Overextracted coffee tends to taste bitter (or, as many people say when
they're used to bad coffee, "like coffee" :)) and underextracted tends to
taste sour. A bad grinder won't give you a uniform result (some will be more
coarse, some will be more fine). Brewing should match up an appropriate water
temperature + brew time with your grind size, but if your grind isn't uniform
the coarser stuff will underextract and the finer stuff will overextract. So
your coffee can end up having both sour/bitter flavor if the grind isn't even.

------
rubiquity
I absolutely love coffee. And I don't mean that in a way that I'm dependent on
it to be awake and get work done. Coffee is my second biggest hobby just after
programming. I'm so glad Nick Cho is the author of this article because he's
the person who turned me on to the Kalita[0] products that have taken my home
coffee brewing addiction to a whole new level. Nick also has another great
video of the technicalities of brewing pourover coffee[1]. It's a great watch.

I think coffee is a lot like programming, really. Coffee is incredibly simple
when you distill it down to the basics, which is what pourovers do. _Hot
water, ground beans, gravity and time._ That's it. And just like software, we
have complicated the heck out of coffee with all of these electronic machines
that promise a decent cup of coffee in 30 seconds.

Coffee is something I love to share with other people. As I've gone from
workplace to workplace I always bring my hand grinder, kettle and Kalita
dripper with me. After the eyebrows are done being raised, my coworkers have
always embraced the quality of the coffee as well as the fun experience of
making coffee together. It's been great for the culture of the companies I've
worked at.

0 - [http://kalita-usa.com/](http://kalita-usa.com/)

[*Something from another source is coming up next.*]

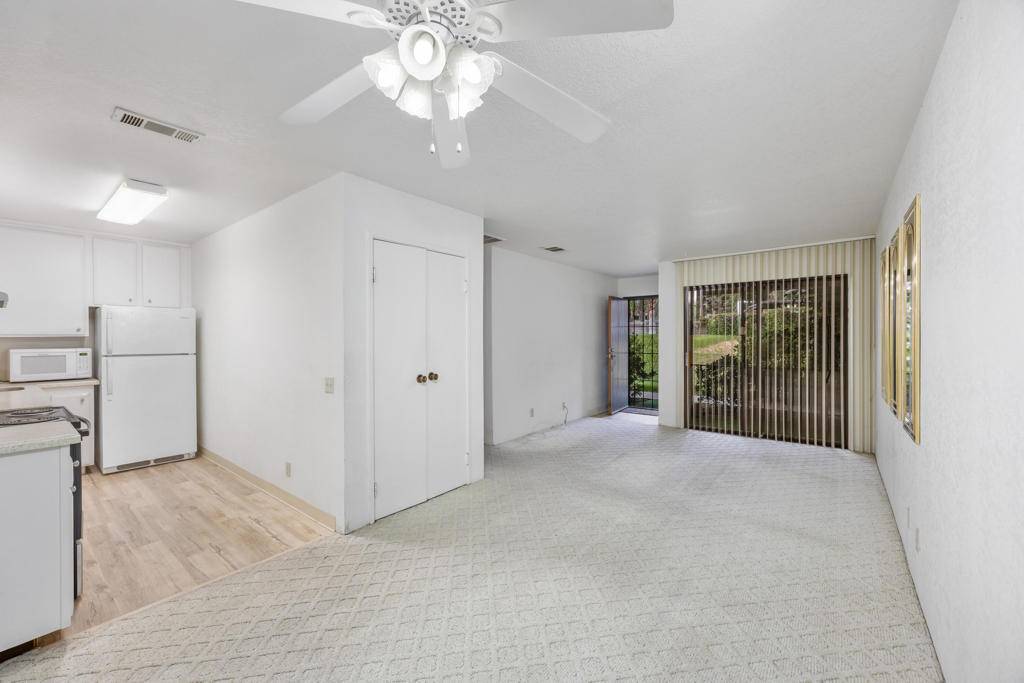 Palm Springs, CA 92263,2800 Los Felices #107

1- [http://vimeo.com/42382657](http://vimeo.com/42382657)

------
aaronbrethorst
I almost always do a pourover at home in the morning (except the last two
mornings when I was out of filters and did a french press instead). I think
they're significantly better than what you can get out of an automatic coffee
maker, and easier than any other coffee-making process I've seen.

It's kind of odd that there aren't any links given to buy the stuff you need
to get started:

* Coffee filter holder: [http://www.amazon.com/Cilio-Porcelain-Coffee-Filter-Holder/d...](http://www.amazon.com/Cilio-Porcelain-Coffee-Filter-Holder/dp/B001B194FY)

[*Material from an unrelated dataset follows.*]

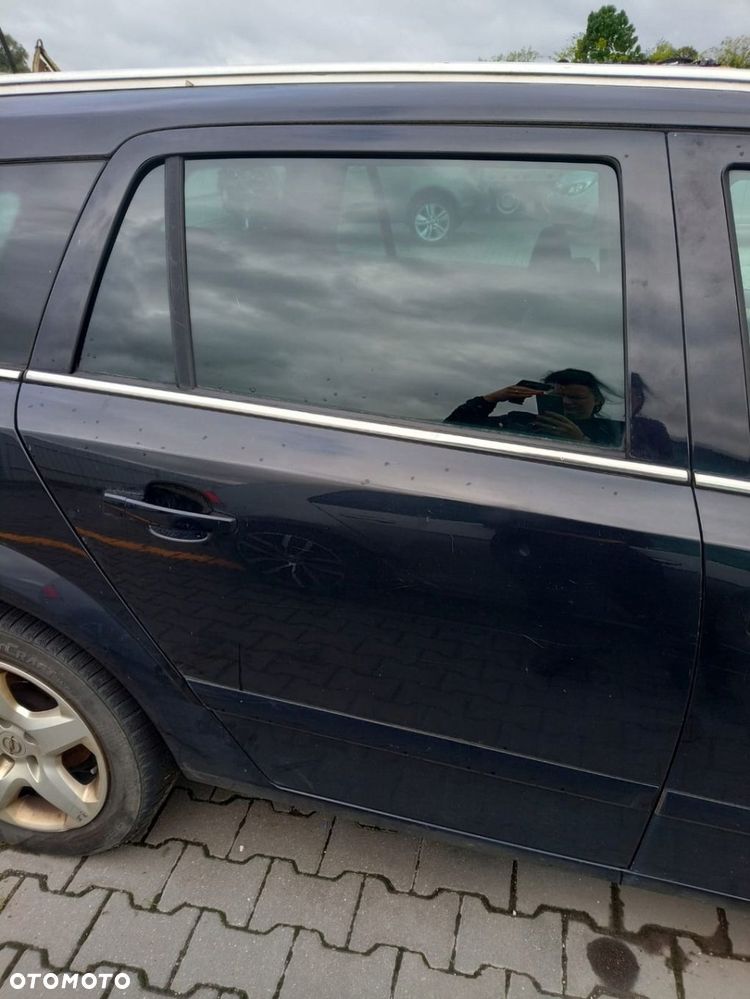 OPEL ASTRA H KOMBI DRZWI PRAWY TYŁ Z20R - 1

* Filters: [http://www.amazon.com/Melitta-Coffee-Filters-Natural-Brown/d...](http://www.amazon.com/Melitta-Coffee-Filters-Natural-Brown/dp/B00006IUTQ)

There are a couple other things I do to simplify or improve the process:

* Wet the inside of the filter holder. This'll make it easier to get the filter to stay put.

* Wet the filter once it's in the holder, but before you fill it with coffee. I think this makes a difference in the final taste.

I use a rounded tablespoon of coffee grounds per 4-5oz water (i.e. two for a
regular cup of coffee, and three for a travel mug). I don't worry about water
temperature outside of whether or not it was recently brought to a boil.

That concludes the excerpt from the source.